#### Task to complete:
Start to finish, write out the entries exactly, leaving the pictures aside.

#### Data extracts:
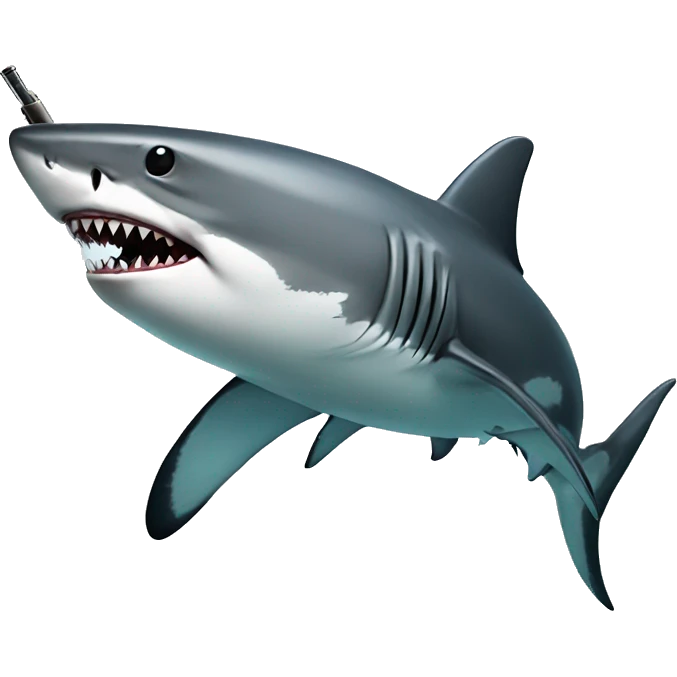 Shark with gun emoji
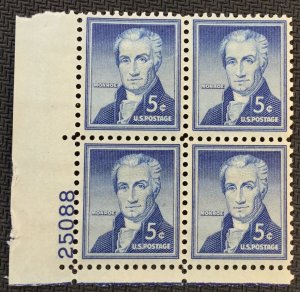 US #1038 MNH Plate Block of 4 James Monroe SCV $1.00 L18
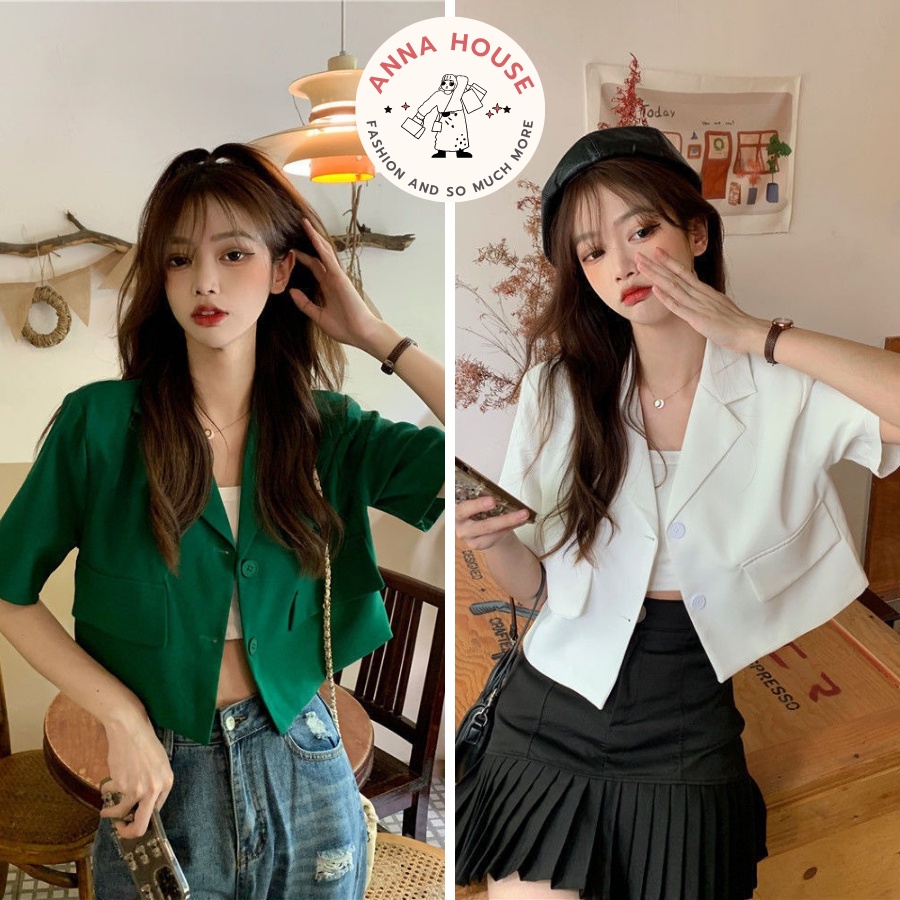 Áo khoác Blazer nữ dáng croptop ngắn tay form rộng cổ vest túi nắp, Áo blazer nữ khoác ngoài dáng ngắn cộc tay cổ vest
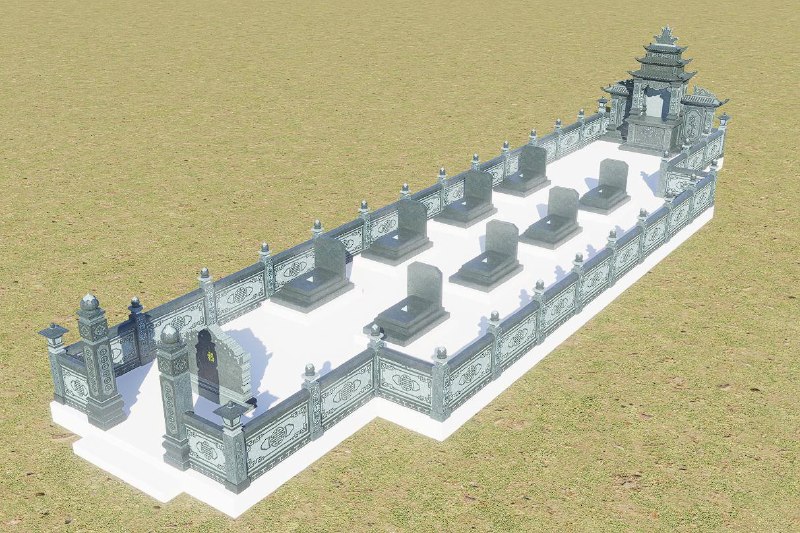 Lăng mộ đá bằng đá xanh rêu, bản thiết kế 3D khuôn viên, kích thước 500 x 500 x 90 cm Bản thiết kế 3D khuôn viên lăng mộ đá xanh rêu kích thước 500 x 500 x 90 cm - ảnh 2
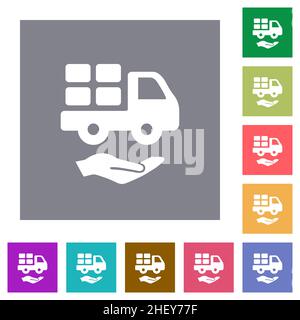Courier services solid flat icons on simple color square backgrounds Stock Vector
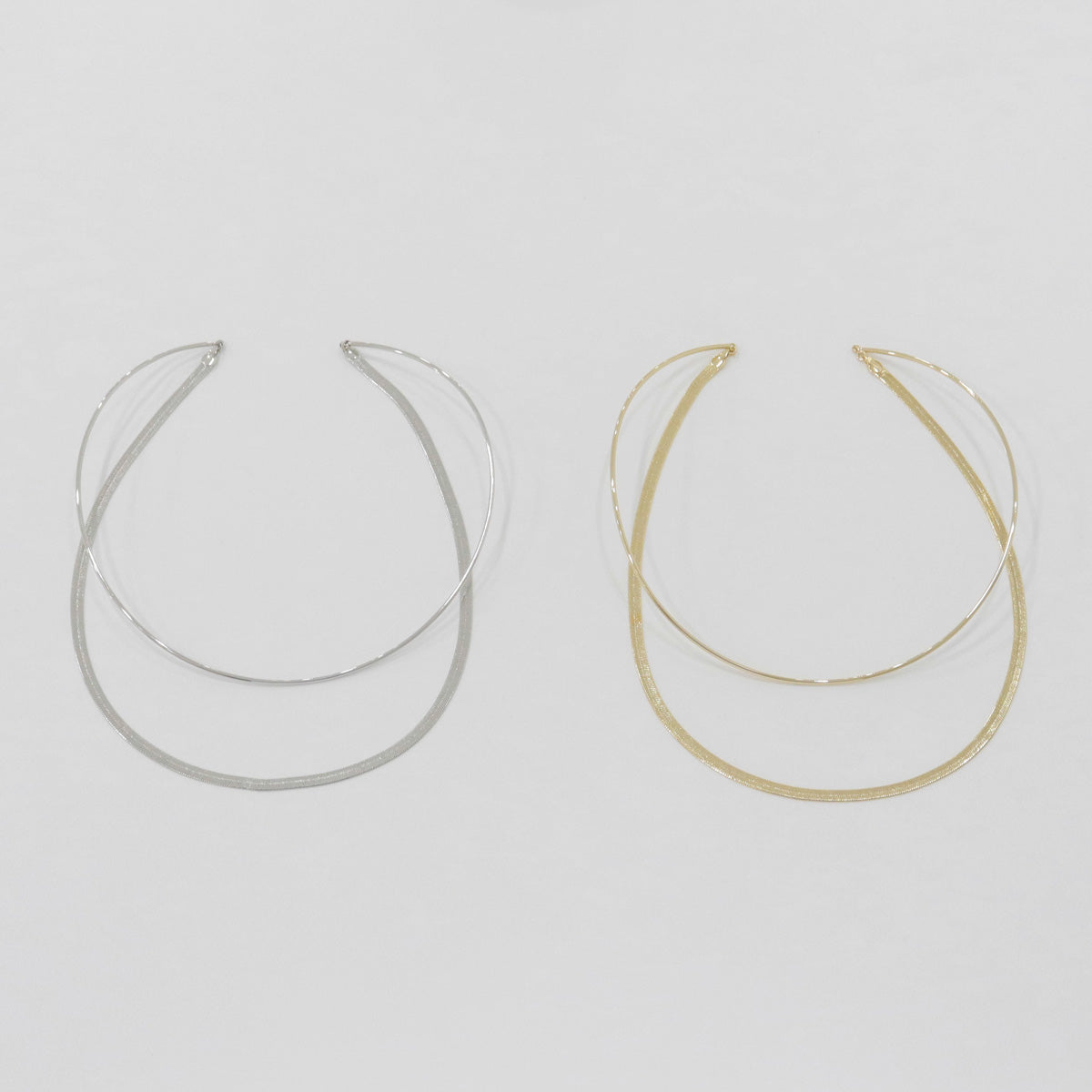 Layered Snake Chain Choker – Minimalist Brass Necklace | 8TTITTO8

#### Exercise response:
 Shark with gun emoji
 US #1038 MNH Plate Block of 4 James Monroe SCV $1.00 L18
 Áo khoác Blazer nữ dáng croptop ngắn tay form rộng cổ vest túi nắp, Áo blazer nữ khoác ngoài dáng ngắn cộc tay cổ vest
 Lăng mộ đá bằng đá xanh rêu, bản thiết kế 3D khuôn viên, kích thước 500 x 500 x 90 cm Bản thiết kế 3D khuôn viên lăng mộ đá xanh rêu kích thước 500 x 500 x 90 cm - ảnh 2
Courier services solid flat icons on simple color square backgrounds Stock Vector
 Layered Snake Chain Choker – Minimalist Brass Necklace | 8TTITTO8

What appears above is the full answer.